Last Sunday, I had the privilege of being asked to talk to a group of exonerees from death row at the end of a conference held here in Chicago by an organization called Witness to Innocence . I spoke about the state of the death penalty here in Illinois and around the country and about the stacked deck that a death-qualified jury poses for someone accused of murder — something that I have written about before.
In my book about my experiences as a capital defense lawyer, I tell the stories of some my clients over the years, both the innocent and guilty, to show their human faces and tell their (and my) all-too-human stories. But being in a room full of stories of triumph and near-misses, was, to say the least, awe-inspiring.
Ironically I ended talking to someone I had been speaking about two days previously at the Chicago chapter of the American Constitution Society’s Supreme Court Preview Program. The United States Supreme Court is about to decide a case called Connick v. Thompson, to answer the question about when someone who is wrongfully convicted can sue a prosecutor’s office when he can prove that a prosecutor in that office deliberately withheld physical evidence which proved him innocent. The facts are complex, but here is a brief overview: John Thompson was charged in a robbery and separately with a murder. The robbery was tried first. At the center of the case was a swatch from the defendant’s pants with the blood of the robber on it: Type B blood. Mr. Thompson’s blood is Type O. The prosecutor intentionally withheld this information, revealing it only when he had terminal cancer to a friend, who was also a lawyer. That lawyer was later sanctioned by the bar for not reporting it at the time.
After Mr. Thompson was convicted of the robbery, he was tried for murder, sentenced to death and was only a month or so away from getting executed when this was revealed. The robbery conviction was thrown out and Thompson got a new trial on the murder. He was acquitted in thirty-five minutes.
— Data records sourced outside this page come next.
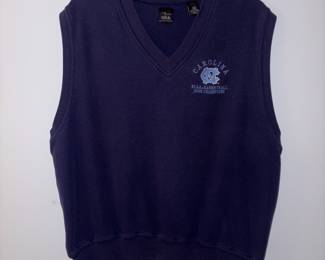 R63 - $10. Carolina. NCAA Basketball 2005 Champions Vest. Size Large.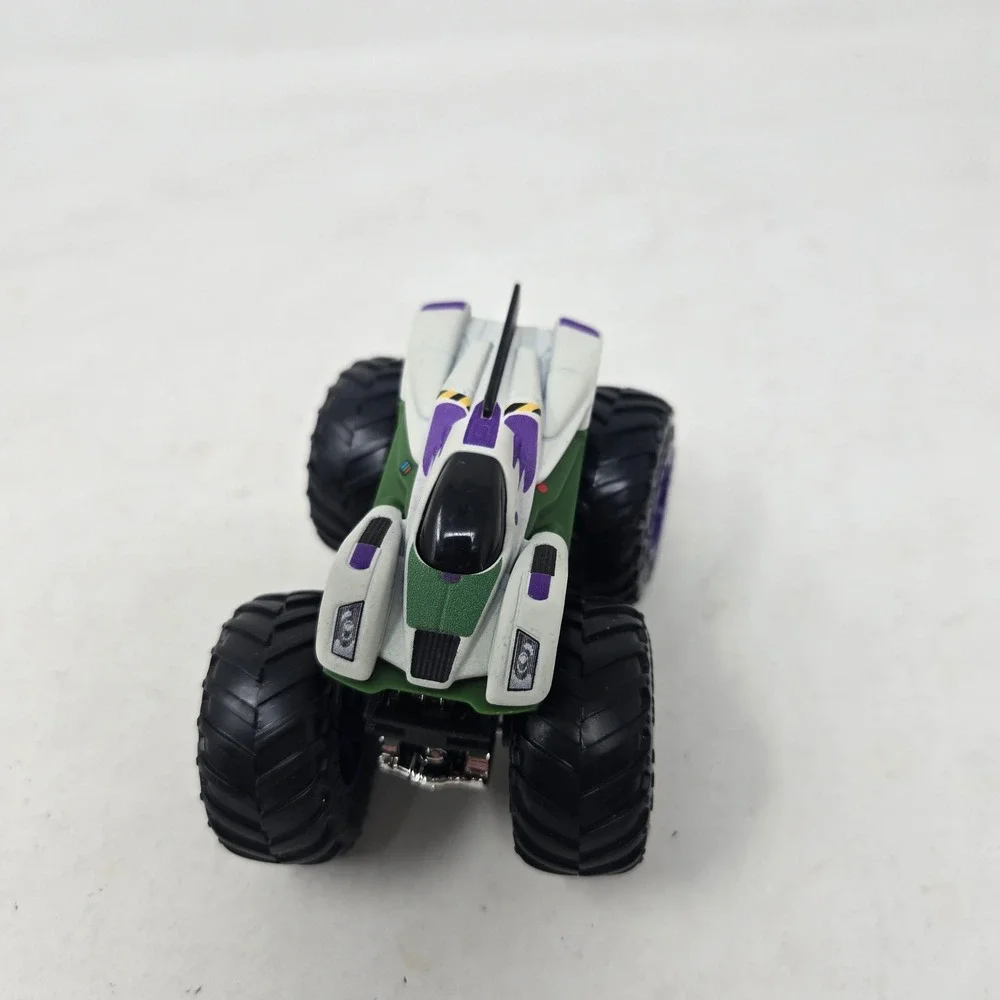 Hot Wheels die space equipped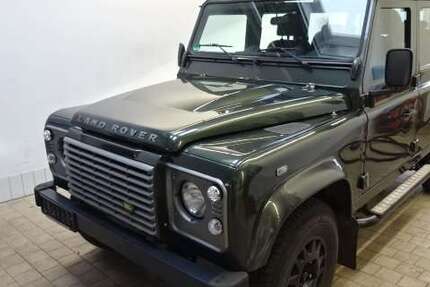 Land Rover Defender 88.597 km 35.876 &euro; Oberlungwitz 09353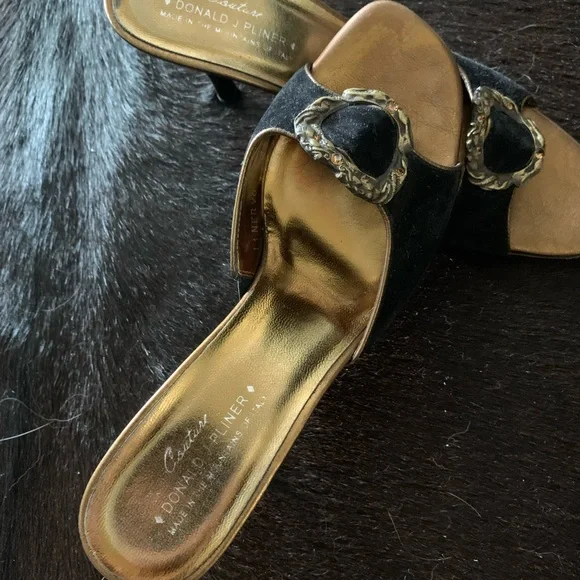 Donald sales pliner couture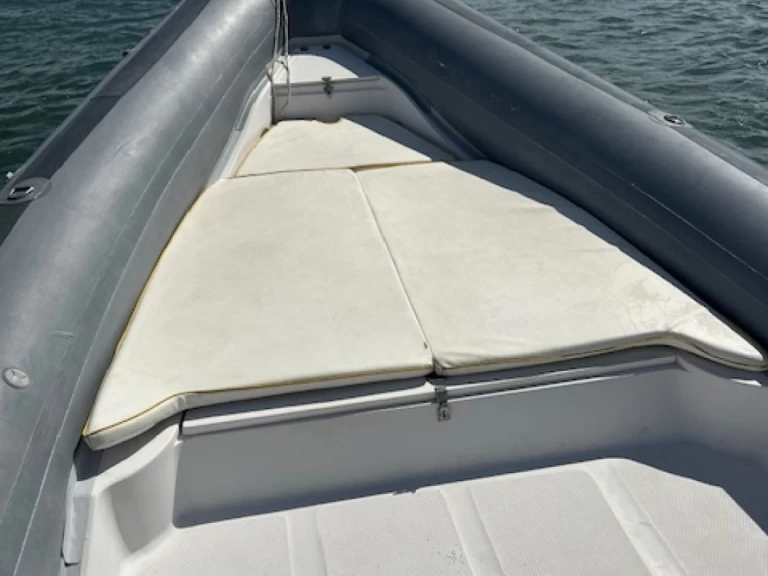 Alquiler de barcos Piraillan barato de Sacs S 750 Madras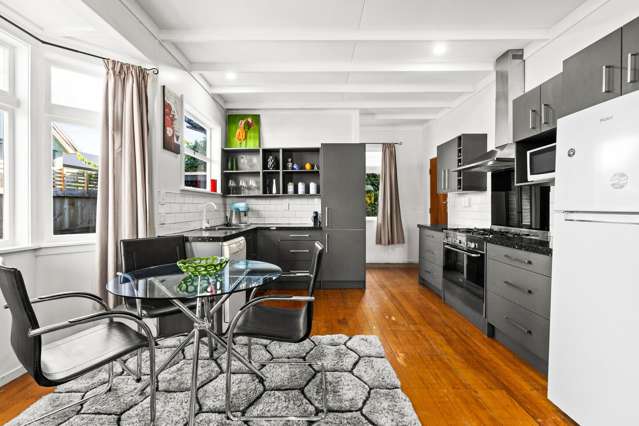 709 Southland Road Raureka_4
Thompson then sued and received a fourteen-million-dollar verdict from a jury.
The prosecutor’s office wants this verdict overturned because, they say, the basis of that judgment was not that an official policy had caused the evidence suppression, or that an official policymaker had ordered the suppression but rather that the suppression occurred because the district attorney, Harry F. Connick, had been “deliberately indifferent” to the need to train prosecutors to turn over evidence which is favorable to the defense. While the prosecutor’s office acknowledges that liability may be based on a single constitutional violation only “in a narrow range of circumstances,” they say that these are not those circumstances.
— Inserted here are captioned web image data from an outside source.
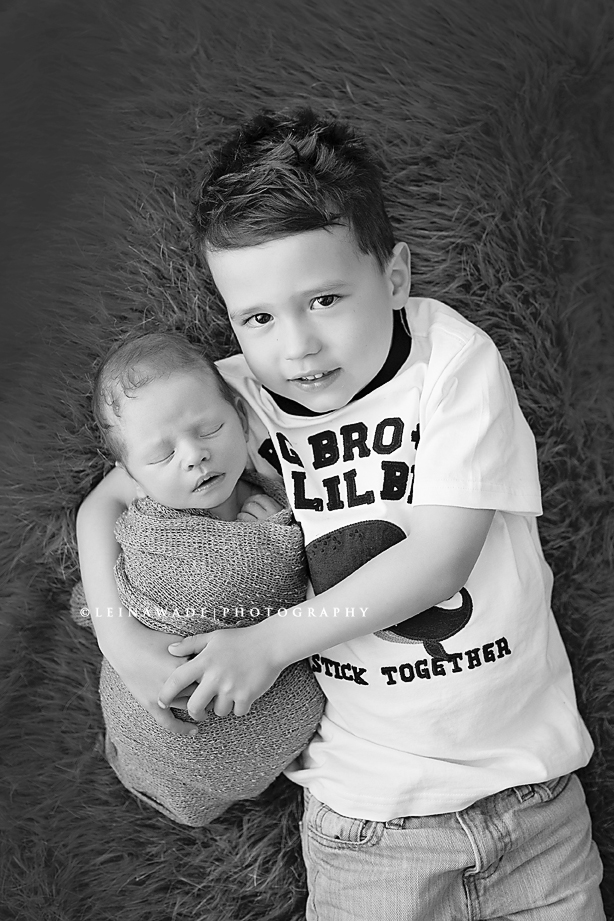 sibling photography for newborns in vancouver bc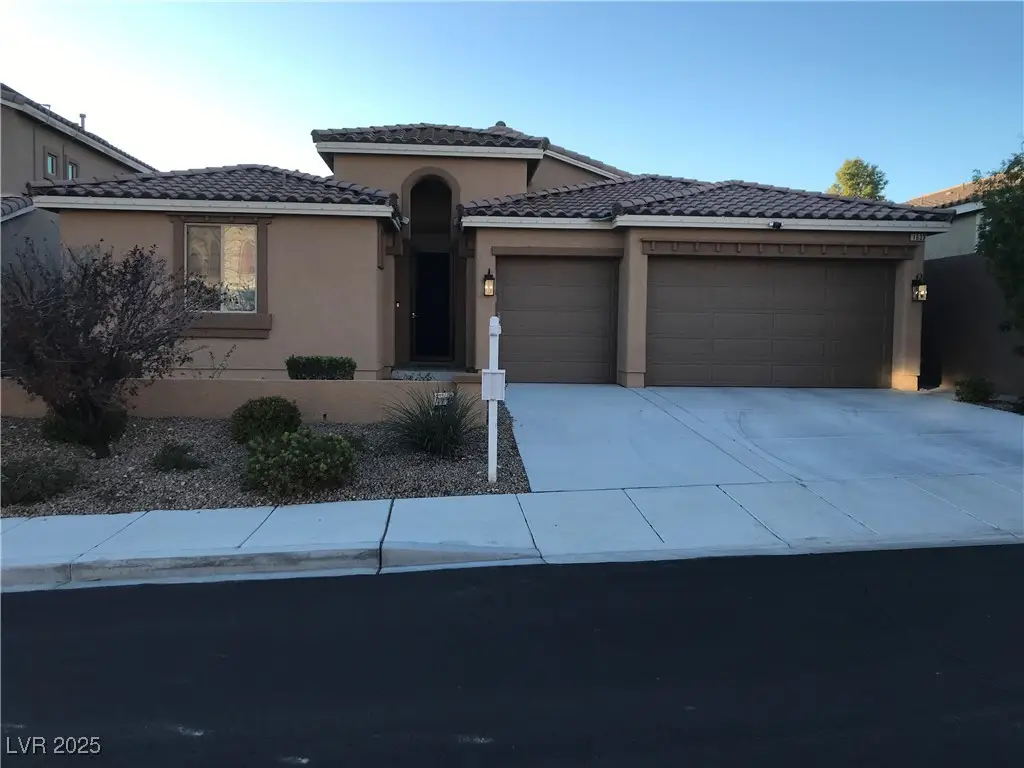 1633 Blue Cliffs Avenue, Henderson, NV 89014 - Image #1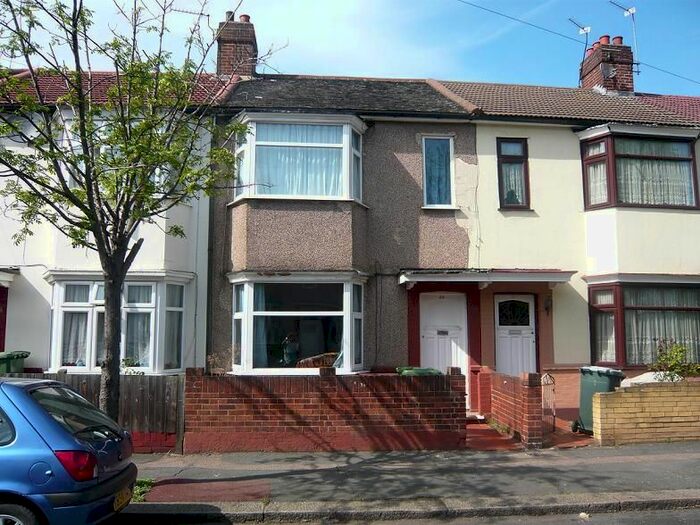 3 Bedroom Terraced House To Rent In Gresham Road, London, E16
As I was telling my audience the story of this case, a hand came up. It was the hand of John Thompson.
One of the reasons this story is so moving — and frightening — is how much luck had to do with Mr. Thompson’s exoneration: A post-conviction investigator found some old microfiche, saw that in fact there had been a report, and everything grew from there. In an exoneration case of mine, we found an exculpatory fingerprint report largely because the usual clerk was on vacation when our subpoena arrived, and the substitute didn’t understand how the game was played.
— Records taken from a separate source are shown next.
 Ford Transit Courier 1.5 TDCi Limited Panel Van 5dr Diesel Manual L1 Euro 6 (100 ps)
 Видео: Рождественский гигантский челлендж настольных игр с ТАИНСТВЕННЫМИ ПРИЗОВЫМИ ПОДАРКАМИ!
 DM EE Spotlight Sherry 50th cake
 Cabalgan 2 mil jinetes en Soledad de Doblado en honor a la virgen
I told this gathering that I became very upset when my client in that case was ultimately freed — after sixteen years in prison, thirteen and a half of them on death row — when people would say to me “the system worked.” No, it didn’t, or those sixteen years would not have happened. No, it didn’t, or Mr. Thompson wouldn’t have come within a month of execution before this suppressed proof of innocence was revealed. These men — and many others — were saved in spite of the system, not because of it. To say otherwise is not only inaccurate, it is cruel.